### Exercise aim
Take the listing below and print exactly the lines starting at the line containing "jhs 3 series chorus pedal" and ending at the line containing "2024 Toyota Tacoma TRD Off-Road AWD", both ends included, and no others.

"""

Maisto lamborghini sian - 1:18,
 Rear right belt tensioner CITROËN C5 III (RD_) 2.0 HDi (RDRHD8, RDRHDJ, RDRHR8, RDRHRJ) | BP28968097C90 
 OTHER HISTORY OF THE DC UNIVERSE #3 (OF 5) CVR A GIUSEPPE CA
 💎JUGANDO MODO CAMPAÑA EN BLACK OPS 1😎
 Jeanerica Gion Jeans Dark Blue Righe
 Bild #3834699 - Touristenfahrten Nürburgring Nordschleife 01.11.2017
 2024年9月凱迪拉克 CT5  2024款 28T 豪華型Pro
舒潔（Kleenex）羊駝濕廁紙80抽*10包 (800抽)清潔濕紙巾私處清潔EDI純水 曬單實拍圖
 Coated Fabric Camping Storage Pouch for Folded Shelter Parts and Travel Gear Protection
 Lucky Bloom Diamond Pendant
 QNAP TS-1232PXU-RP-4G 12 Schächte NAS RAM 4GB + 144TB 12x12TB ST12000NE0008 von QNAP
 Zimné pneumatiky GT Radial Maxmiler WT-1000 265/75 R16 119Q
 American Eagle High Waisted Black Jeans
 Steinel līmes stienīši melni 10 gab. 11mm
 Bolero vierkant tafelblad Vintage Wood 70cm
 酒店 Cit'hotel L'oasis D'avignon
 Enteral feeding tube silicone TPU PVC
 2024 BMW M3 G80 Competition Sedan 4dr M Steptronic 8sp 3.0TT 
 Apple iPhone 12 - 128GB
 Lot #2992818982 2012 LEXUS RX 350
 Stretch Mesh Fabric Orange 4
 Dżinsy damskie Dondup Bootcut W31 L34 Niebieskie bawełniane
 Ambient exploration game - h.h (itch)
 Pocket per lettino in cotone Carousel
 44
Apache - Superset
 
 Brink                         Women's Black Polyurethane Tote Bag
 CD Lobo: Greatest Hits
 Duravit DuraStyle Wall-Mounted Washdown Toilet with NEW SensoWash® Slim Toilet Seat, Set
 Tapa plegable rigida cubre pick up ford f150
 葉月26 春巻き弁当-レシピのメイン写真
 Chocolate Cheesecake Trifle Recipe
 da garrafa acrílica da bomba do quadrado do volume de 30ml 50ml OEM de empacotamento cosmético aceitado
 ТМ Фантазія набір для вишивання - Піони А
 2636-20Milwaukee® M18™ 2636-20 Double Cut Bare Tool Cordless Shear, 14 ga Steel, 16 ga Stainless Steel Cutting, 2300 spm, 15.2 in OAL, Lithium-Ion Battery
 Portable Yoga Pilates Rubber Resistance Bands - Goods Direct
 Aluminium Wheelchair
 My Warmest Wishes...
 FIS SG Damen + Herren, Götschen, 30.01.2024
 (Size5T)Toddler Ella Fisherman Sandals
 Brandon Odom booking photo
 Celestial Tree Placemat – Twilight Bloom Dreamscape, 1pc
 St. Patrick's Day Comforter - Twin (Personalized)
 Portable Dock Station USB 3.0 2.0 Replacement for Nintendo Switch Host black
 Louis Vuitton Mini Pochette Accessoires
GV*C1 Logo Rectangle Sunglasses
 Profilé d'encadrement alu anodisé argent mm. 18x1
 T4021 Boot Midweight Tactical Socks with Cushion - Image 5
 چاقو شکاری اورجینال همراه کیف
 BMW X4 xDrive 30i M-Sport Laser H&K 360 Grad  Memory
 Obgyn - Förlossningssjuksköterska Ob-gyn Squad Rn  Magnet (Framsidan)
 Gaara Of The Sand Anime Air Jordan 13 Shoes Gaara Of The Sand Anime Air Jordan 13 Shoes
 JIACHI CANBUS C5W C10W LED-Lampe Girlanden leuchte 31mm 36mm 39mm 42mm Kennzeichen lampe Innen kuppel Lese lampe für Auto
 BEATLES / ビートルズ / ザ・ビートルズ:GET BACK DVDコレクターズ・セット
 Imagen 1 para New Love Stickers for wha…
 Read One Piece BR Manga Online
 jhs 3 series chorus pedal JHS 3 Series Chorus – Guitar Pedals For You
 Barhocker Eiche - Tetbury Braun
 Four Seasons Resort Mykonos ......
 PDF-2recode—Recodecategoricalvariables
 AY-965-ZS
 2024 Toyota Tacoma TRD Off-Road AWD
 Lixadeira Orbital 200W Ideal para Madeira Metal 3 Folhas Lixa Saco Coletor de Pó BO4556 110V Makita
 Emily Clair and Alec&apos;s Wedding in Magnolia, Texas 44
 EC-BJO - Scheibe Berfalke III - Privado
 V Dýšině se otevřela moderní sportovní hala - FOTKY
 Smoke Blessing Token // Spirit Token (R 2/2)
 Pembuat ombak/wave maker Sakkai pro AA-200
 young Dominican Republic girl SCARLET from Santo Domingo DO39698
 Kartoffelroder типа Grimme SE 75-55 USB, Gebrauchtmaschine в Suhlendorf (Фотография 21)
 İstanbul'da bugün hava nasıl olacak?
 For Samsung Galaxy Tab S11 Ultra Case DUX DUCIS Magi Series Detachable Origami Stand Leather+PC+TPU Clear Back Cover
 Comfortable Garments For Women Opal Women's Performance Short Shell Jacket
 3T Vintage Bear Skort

"""

### Result of the exercise
 jhs 3 series chorus pedal JHS 3 Series Chorus – Guitar Pedals For You
 Barhocker Eiche - Tetbury Braun
 Four Seasons Resort Mykonos ......
 PDF-2recode—Recodecategoricalvariables
 AY-965-ZS
 2024 Toyota Tacoma TRD Off-Road AWD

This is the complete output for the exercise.